-- Instructions to follow --
Every line of the listing below should be written out exactly, minus its images.

-- Data provided --
'''

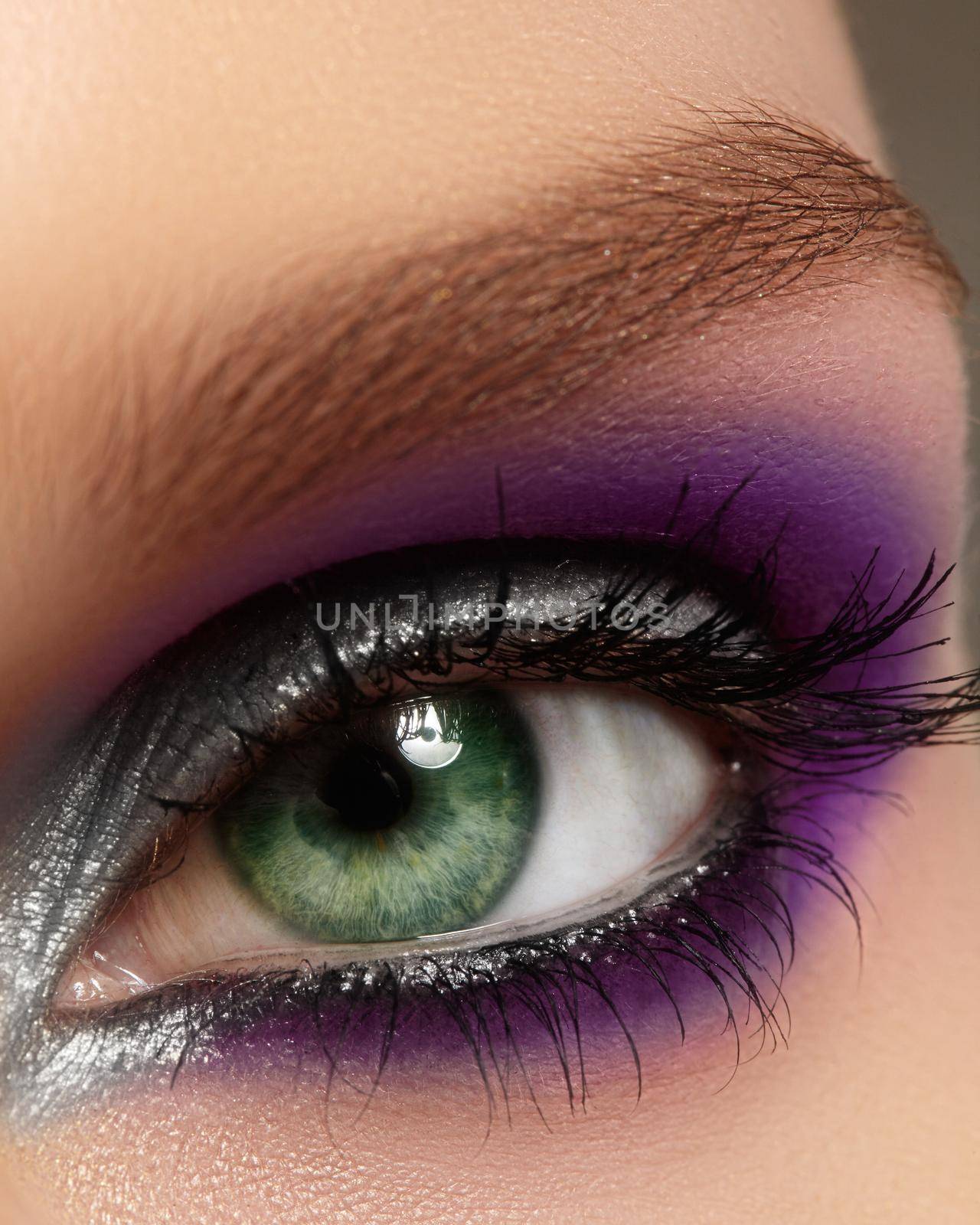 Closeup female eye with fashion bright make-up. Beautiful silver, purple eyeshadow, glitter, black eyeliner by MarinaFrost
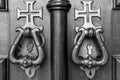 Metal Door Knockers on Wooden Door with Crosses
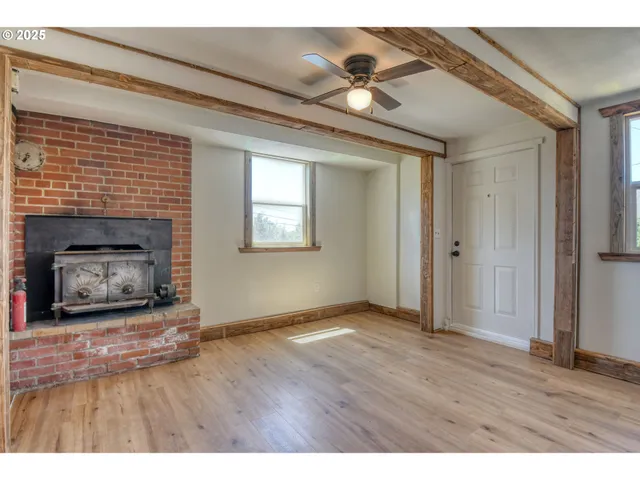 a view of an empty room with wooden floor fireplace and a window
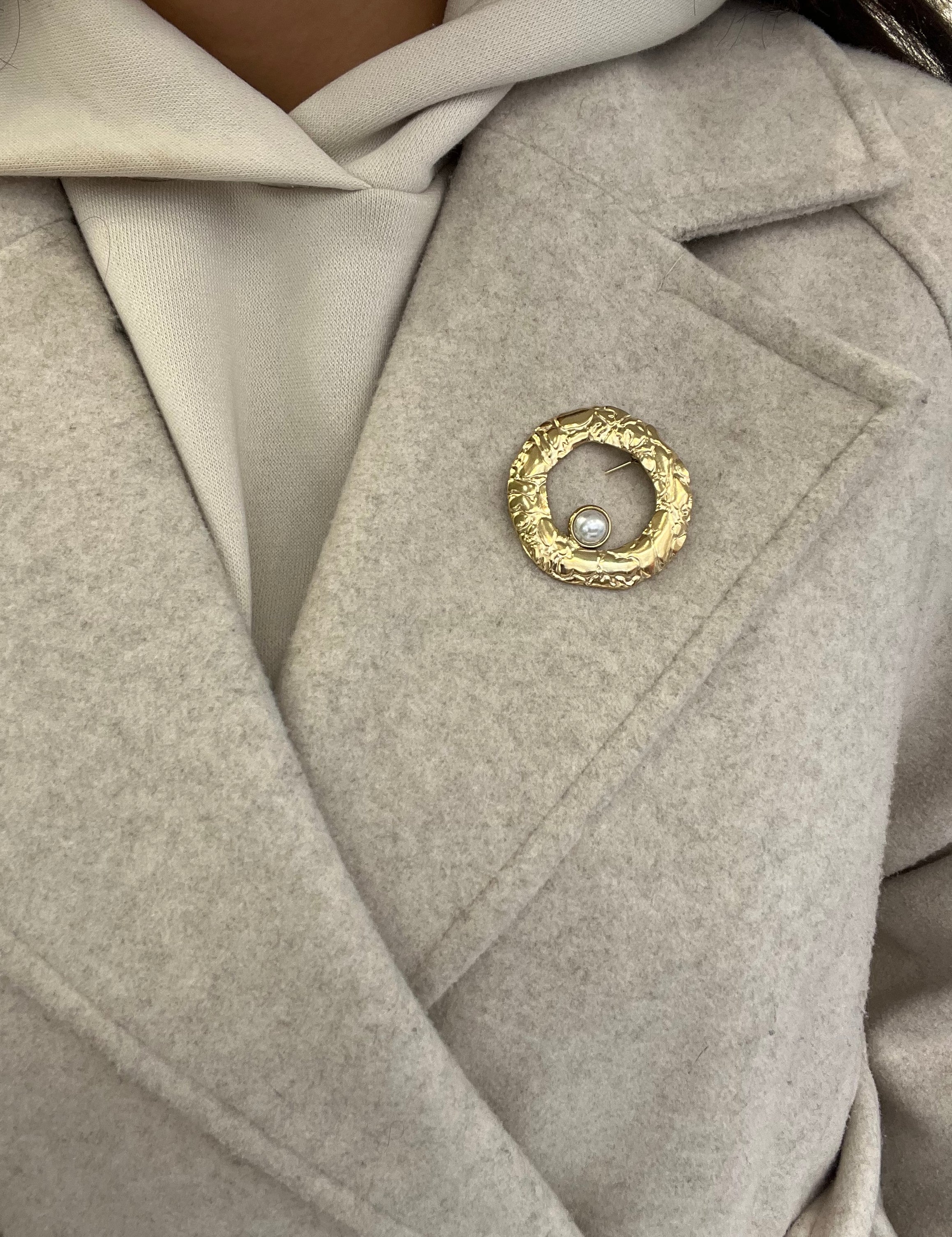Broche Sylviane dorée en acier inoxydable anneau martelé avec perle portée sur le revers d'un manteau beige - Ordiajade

'''

-- Answer area --
 Closeup female eye with fashion bright make-up. Beautiful silver, purple eyeshadow, glitter, black eyeliner by MarinaFrost
 Metal Door Knockers on Wooden Door with Crosses
 a view of an empty room with wooden floor fireplace and a window
Broche Sylviane dorée en acier inoxydable anneau martelé avec perle portée sur le revers d'un manteau beige - Ordiajade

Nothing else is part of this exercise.